» **What is expected**
Your job with the data below is to output exactly the lines from the one holding "2015 Nissan Rogue" down to the one holding "Stainless Steel Heart", both included, and no others.

» **Extracted material**
┄┄┄┄┄┄
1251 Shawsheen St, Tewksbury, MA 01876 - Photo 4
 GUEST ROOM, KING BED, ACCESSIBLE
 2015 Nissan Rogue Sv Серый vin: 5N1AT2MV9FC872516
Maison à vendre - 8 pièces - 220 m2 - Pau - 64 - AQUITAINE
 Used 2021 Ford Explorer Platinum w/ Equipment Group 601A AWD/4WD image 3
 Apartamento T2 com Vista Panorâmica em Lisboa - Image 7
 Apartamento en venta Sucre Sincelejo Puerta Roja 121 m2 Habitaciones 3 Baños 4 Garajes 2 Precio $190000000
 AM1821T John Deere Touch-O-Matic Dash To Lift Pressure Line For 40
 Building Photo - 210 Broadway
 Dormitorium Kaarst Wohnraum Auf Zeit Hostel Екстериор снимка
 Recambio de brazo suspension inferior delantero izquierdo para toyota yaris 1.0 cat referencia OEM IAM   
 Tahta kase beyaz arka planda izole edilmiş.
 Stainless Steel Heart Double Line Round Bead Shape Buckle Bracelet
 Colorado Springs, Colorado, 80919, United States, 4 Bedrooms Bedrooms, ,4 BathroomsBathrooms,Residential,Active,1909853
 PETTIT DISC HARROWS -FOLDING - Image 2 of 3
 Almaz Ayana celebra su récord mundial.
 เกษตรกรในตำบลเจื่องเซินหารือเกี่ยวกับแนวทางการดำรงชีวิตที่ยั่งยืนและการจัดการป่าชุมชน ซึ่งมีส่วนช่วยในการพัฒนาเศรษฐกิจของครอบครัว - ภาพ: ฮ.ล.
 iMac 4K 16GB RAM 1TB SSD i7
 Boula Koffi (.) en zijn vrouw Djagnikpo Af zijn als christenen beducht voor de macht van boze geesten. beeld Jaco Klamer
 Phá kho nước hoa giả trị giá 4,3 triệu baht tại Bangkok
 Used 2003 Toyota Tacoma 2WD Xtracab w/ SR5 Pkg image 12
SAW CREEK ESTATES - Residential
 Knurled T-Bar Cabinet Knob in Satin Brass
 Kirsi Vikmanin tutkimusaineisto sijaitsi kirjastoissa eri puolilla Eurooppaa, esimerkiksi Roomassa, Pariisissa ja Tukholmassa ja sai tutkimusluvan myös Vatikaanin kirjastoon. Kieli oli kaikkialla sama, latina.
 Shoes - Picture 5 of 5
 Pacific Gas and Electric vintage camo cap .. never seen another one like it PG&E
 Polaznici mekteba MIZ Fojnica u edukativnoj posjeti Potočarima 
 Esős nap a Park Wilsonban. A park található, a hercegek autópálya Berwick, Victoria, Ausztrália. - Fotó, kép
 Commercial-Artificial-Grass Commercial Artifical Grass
┄┄┄┄┄┄
» **Finished exercise**
 2015 Nissan Rogue Sv Серый vin: 5N1AT2MV9FC872516
Maison à vendre - 8 pièces - 220 m2 - Pau - 64 - AQUITAINE
 Used 2021 Ford Explorer Platinum w/ Equipment Group 601A AWD/4WD image 3
 Apartamento T2 com Vista Panorâmica em Lisboa - Image 7
 Apartamento en venta Sucre Sincelejo Puerta Roja 121 m2 Habitaciones 3 Baños 4 Garajes 2 Precio $190000000
 AM1821T John Deere Touch-O-Matic Dash To Lift Pressure Line For 40
 Building Photo - 210 Broadway
 Dormitorium Kaarst Wohnraum Auf Zeit Hostel Екстериор снимка
 Recambio de brazo suspension inferior delantero izquierdo para toyota yaris 1.0 cat referencia OEM IAM   
 Tahta kase beyaz arka planda izole edilmiş.
 Stainless Steel Heart Double Line Round Bead Shape Buckle Bracelet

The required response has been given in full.